A sub-atomic particle of mass $$10^{-30}$$kg is moving with a velocity $$2.21\times10^{6}$$ m/s . Under the matter wave consideration, the particle will behave closely like
$$\left(h=6.63\times10^{-34}J.s\right)$$

We need to find the de Broglie wavelength of the particle and identify which type of electromagnetic radiation it corresponds to.

The de Broglie wavelength formula is $$\lambda = \frac{h}{mv}$$.

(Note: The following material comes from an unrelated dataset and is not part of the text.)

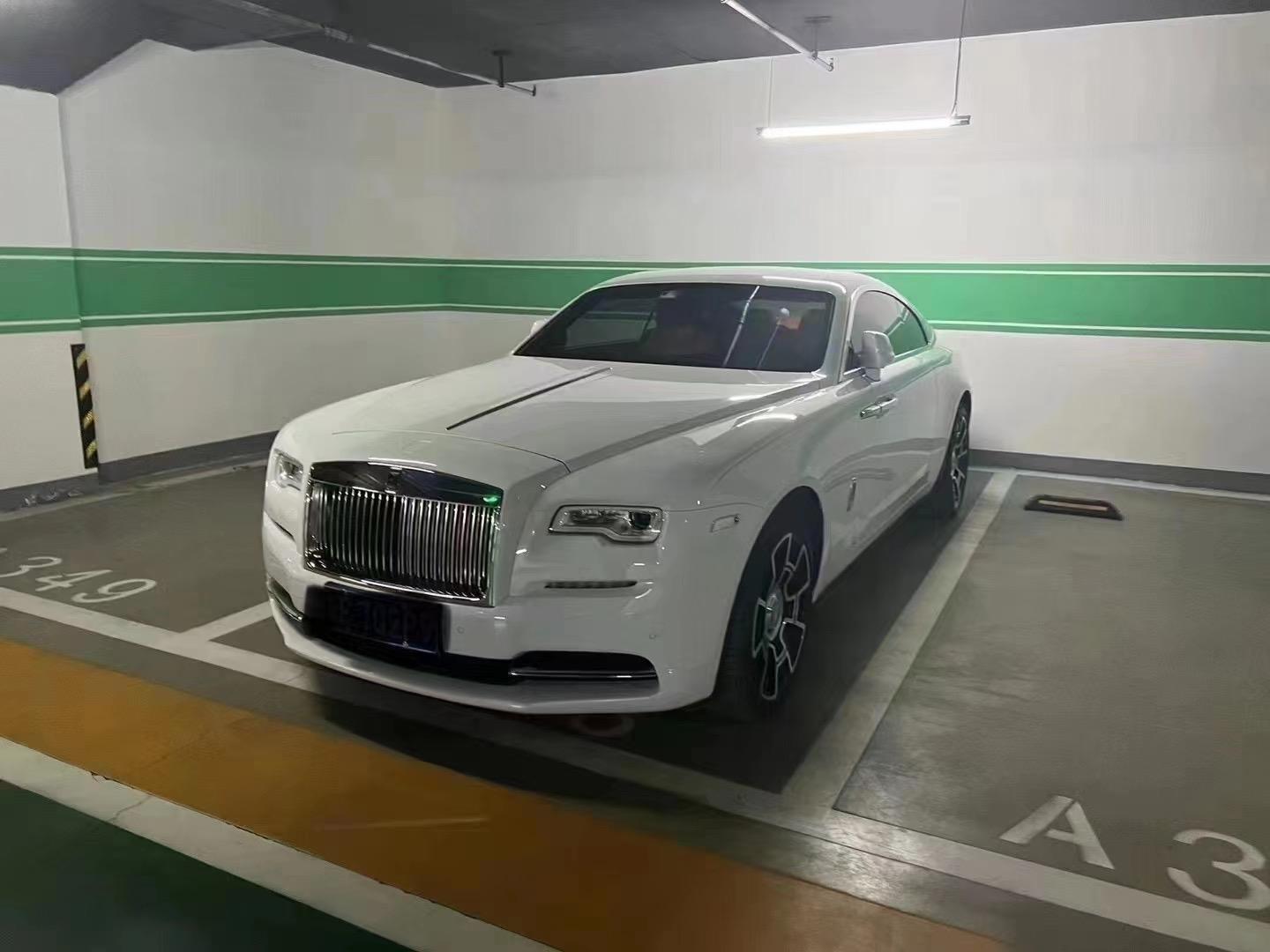 劳斯莱斯魅影白色2017年06月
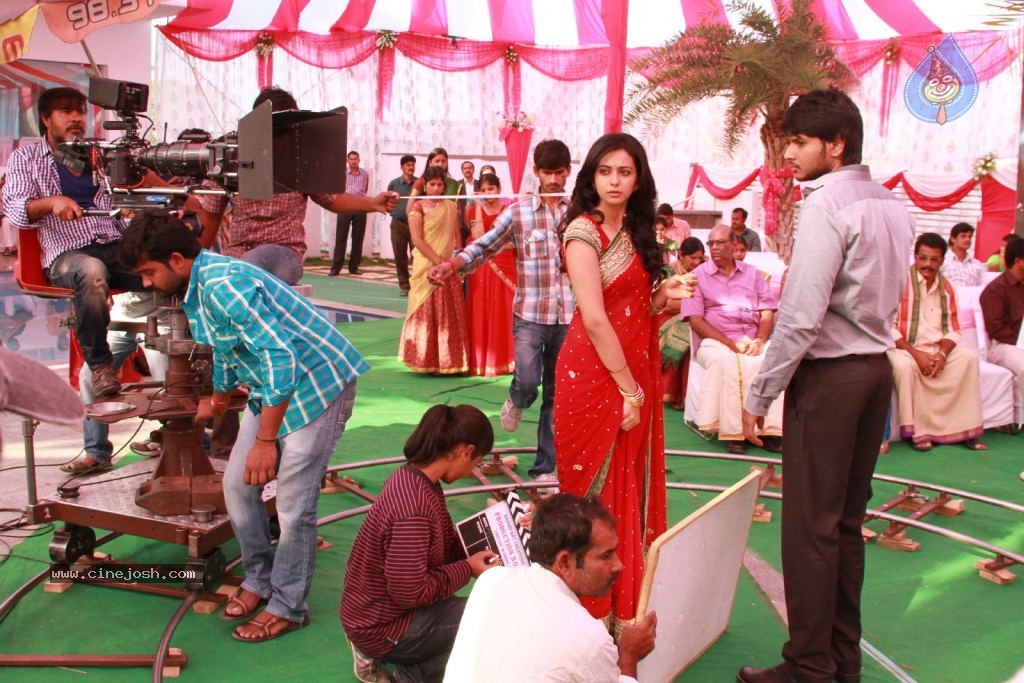 Venkatadri Express Movie Stills n Walls - 28 / 111 photos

Since the mass of the particle is $$m = 10^{-30}$$ kg, its speed is $$v = 2.21 \times 10^{6}$$ m/s, and Planck’s constant is $$h = 6.63 \times 10^{-34}$$ J·s, substituting these values yields:

$$\lambda = \frac{6.63 \times 10^{-34}}{10^{-30} \times 2.21 \times 10^{6}}$$

$$\lambda = \frac{6.63 \times 10^{-34}}{2.21 \times 10^{-24}}$$

$$\lambda = 3 \times 10^{-10} \text{ m} = 3 \text{ Å}$$

Now, to classify this wavelength, note that visible radiation spans $$4000 - 7000$$ Å; infrared radiation corresponds to greater than $$7000$$ Å; X-rays are in the range $$0.1 - 100$$ Å; and gamma rays are below $$0.1$$ Å.

Since $$\lambda = 3$$ Å falls in the X-ray range, the particle will behave closely like X-rays. Therefore, the correct answer is Option 4: X-rays.